== WHAT IS REQUIRED ==
The reply needs the lines from the one containing "Stillbild/ NIUS Polis" through the end of the material, each repeated exactly, and no pictures.

== EXTRACTED ENTRIES ==
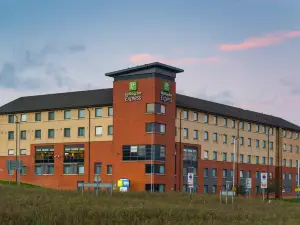 Holiday Inn Express LONDON - LUTON AIRPORT by IHG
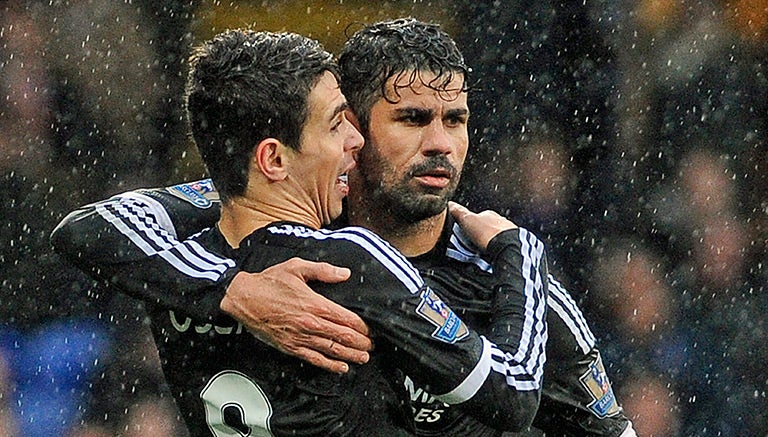 Oscar y Diego, abrazándose en un juego con el Chelsea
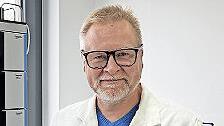 Wieland Voigt, Gr&uuml;nder und CEO der VOC-Advanced Breath Diagnostics GmbH, zeigt seine neueste Erfindung, den Imo-Test.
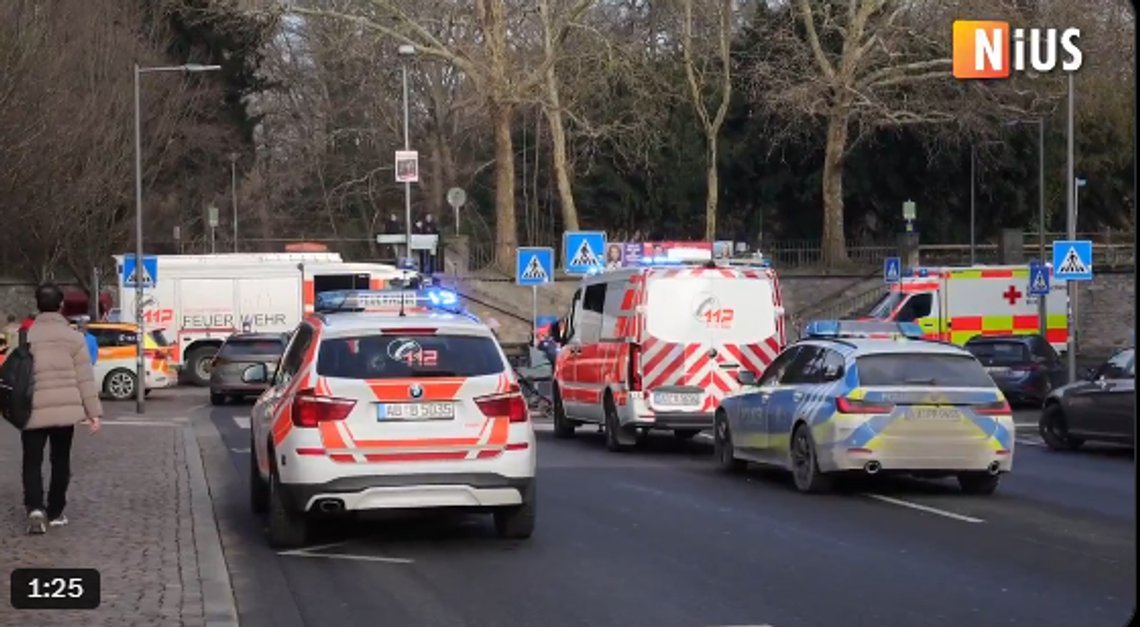 Polis och räddningstjänst på plats efter knivattack i Bayern, Tyskland. Stillbild/ NIUS Polis och räddningstjänst på plats efter knivattack i Bayern, Tyskland. Stillbild/ NIUS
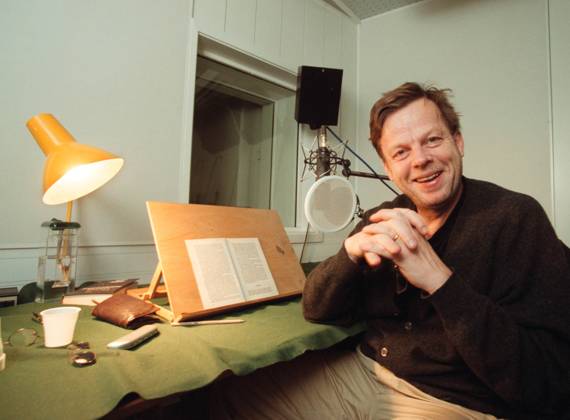 STOCKHOLM 19991222 The actor Krister Henriksson reads talking books in a studio in Enskede outside Stockholm STOCKHOLM SWEDEN x1030x  Copyright: xJonasxEkströmerx KRISTER HENRIKSSON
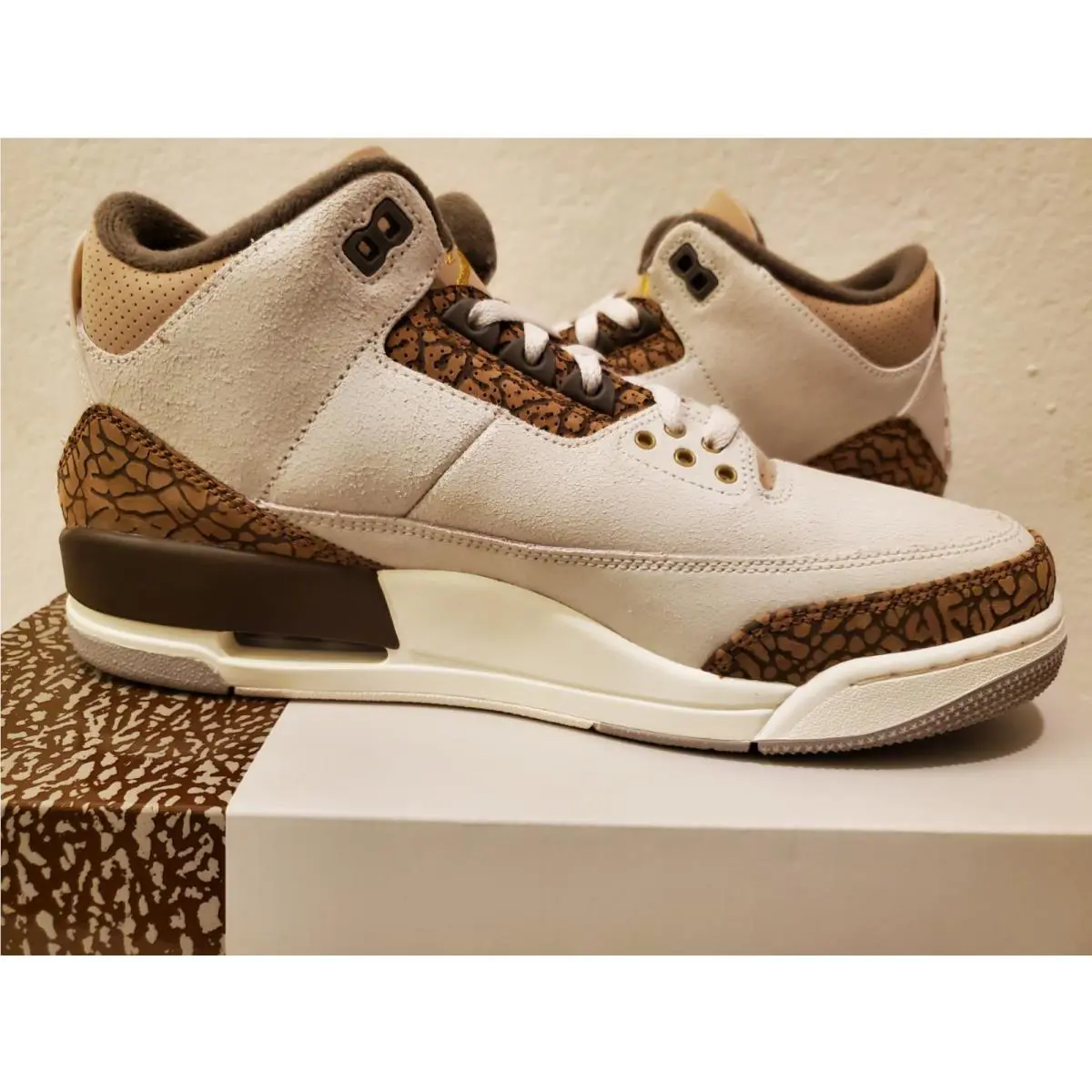 Nike shoes - Air Jordan 3 - Air - CT8532-102 - Beige 3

== ANSWER SECTION ==
 Polis och räddningstjänst på plats efter knivattack i Bayern, Tyskland. Stillbild/ NIUS Polis och räddningstjänst på plats efter knivattack i Bayern, Tyskland. Stillbild/ NIUS
 STOCKHOLM 19991222 The actor Krister Henriksson reads talking books in a studio in Enskede outside Stockholm STOCKHOLM SWEDEN x1030x  Copyright: xJonasxEkströmerx KRISTER HENRIKSSON
 Nike shoes - Air Jordan 3 - Air - CT8532-102 - Beige 3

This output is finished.